RECORDS PROVIDED ->
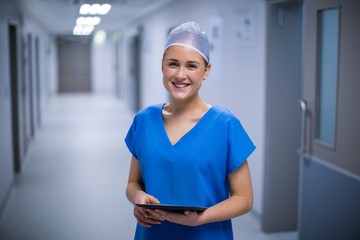Poster - Female nurse using digital tablet in corridor
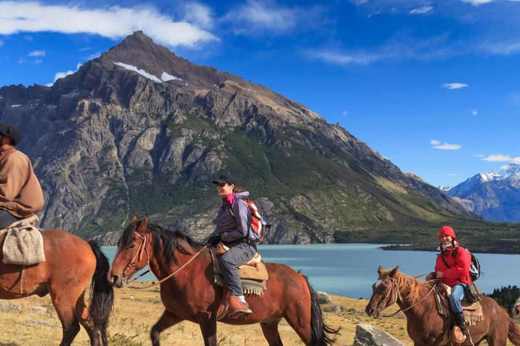 A group of horseback riders follows a scenic trail near a lake, with rugged Patagonian mountains rising in the background in southern Chile. 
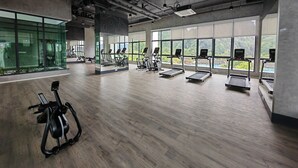 Un gimnasio con cintas de correr, elípticas y una bicicleta estática.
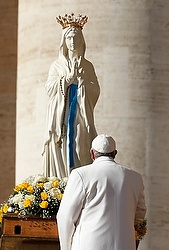 Pope Francis prays in front of a statue of Mary as he begins his general audience in St. Peter's Square at the Vatican Feb. 11. (CNS photo/Paul Haring)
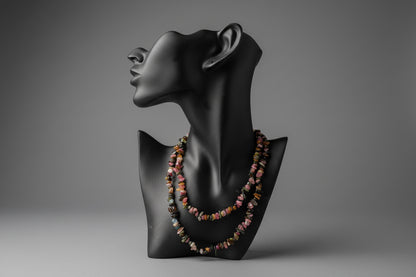 Black mannequin head with colorful Mixed_Color_Tourmaline_Necklace_30-32_Inches beads on a stand in gray studio.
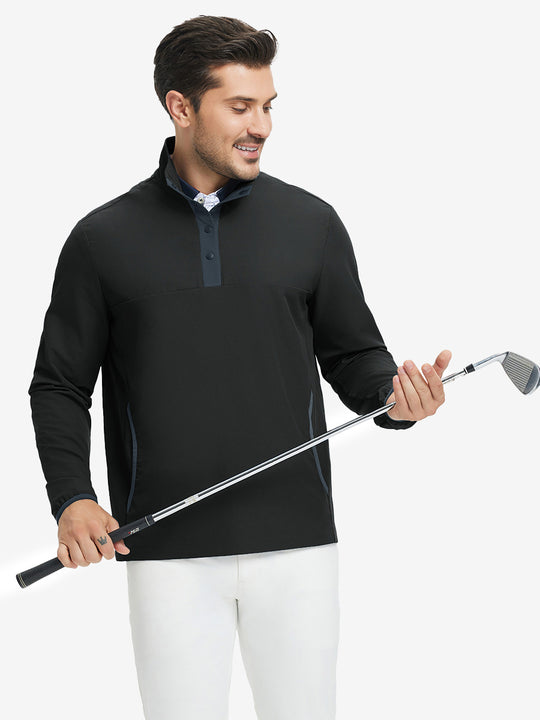Model holding golf club, wearing mock neck quarter button golf pullover in black, sporty look.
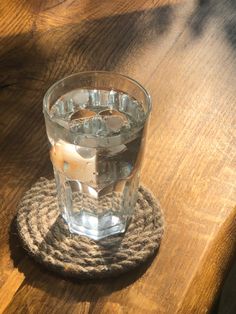 a glass of water sitting on top of a wooden table next to a rope coaster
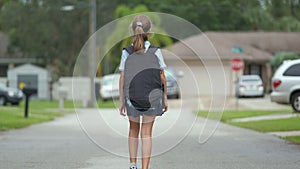 Child girl walking on rural road returning home from school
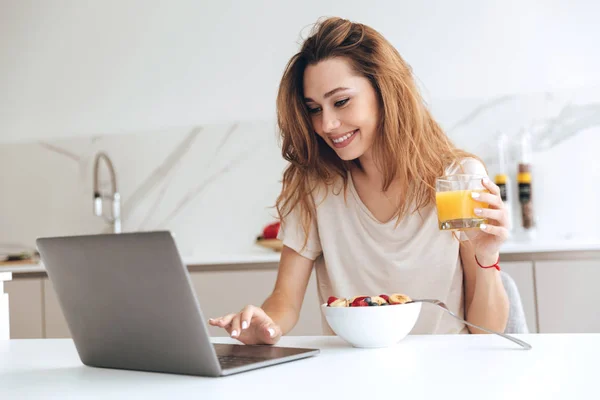 Mujer positiva con jugo usando el ordenador portátil en la cocina — Foto de Stock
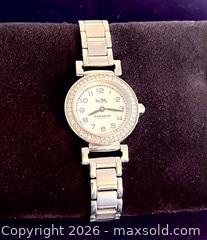 MaxSold Auction: Coach Ladies Watch  - Blandford-Blenheim (Ontario, Canada) SELLER MANAGED Downsizing Online Auction -  Harmer Crescent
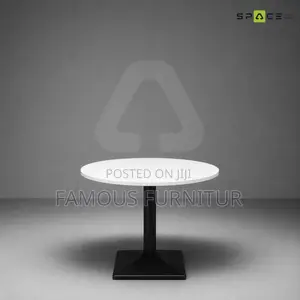 Modern Round Pedestal Restaurant Table With a White Top Square Base.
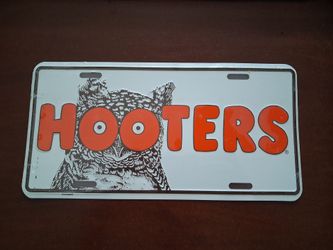 Vintage sealed metal hooters license plate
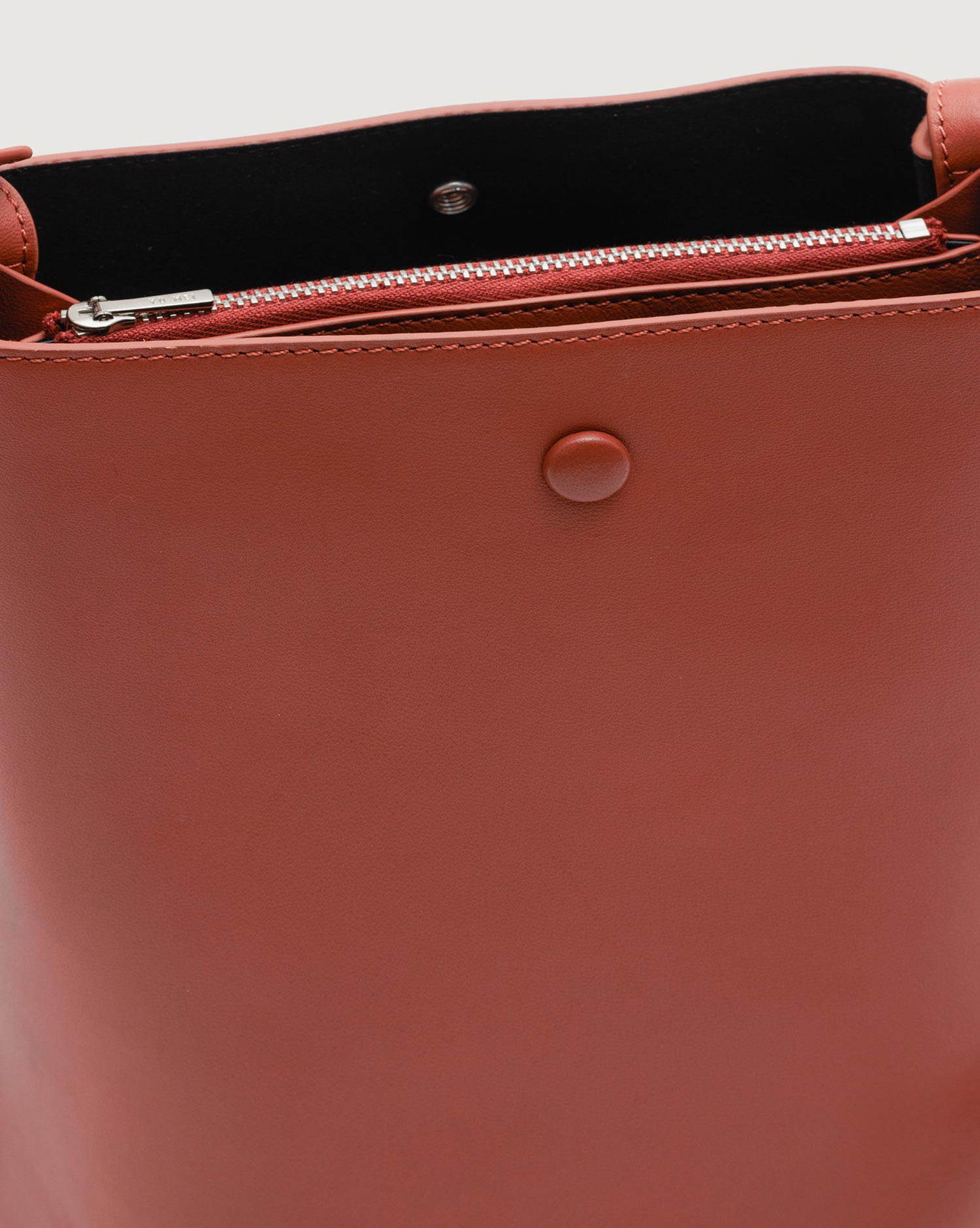 Detachable internal zipped pocket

WHAT NEEDS TO BE DONE -> Restate the data word for word from its first line through the line with "Child girl walking", leaving out any picture along the way.

SOLUTION BELOW ->
Poster - Female nurse using digital tablet in corridor
 A group of horseback riders follows a scenic trail near a lake, with rugged Patagonian mountains rising in the background in southern Chile. 
 Un gimnasio con cintas de correr, elípticas y una bicicleta estática.
 Pope Francis prays in front of a statue of Mary as he begins his general audience in St. Peter's Square at the Vatican Feb. 11. (CNS photo/Paul Haring)
 Black mannequin head with colorful Mixed_Color_Tourmaline_Necklace_30-32_Inches beads on a stand in gray studio.
Model holding golf club, wearing mock neck quarter button golf pullover in black, sporty look.
 a glass of water sitting on top of a wooden table next to a rope coaster
 Child girl walking on rural road returning home from school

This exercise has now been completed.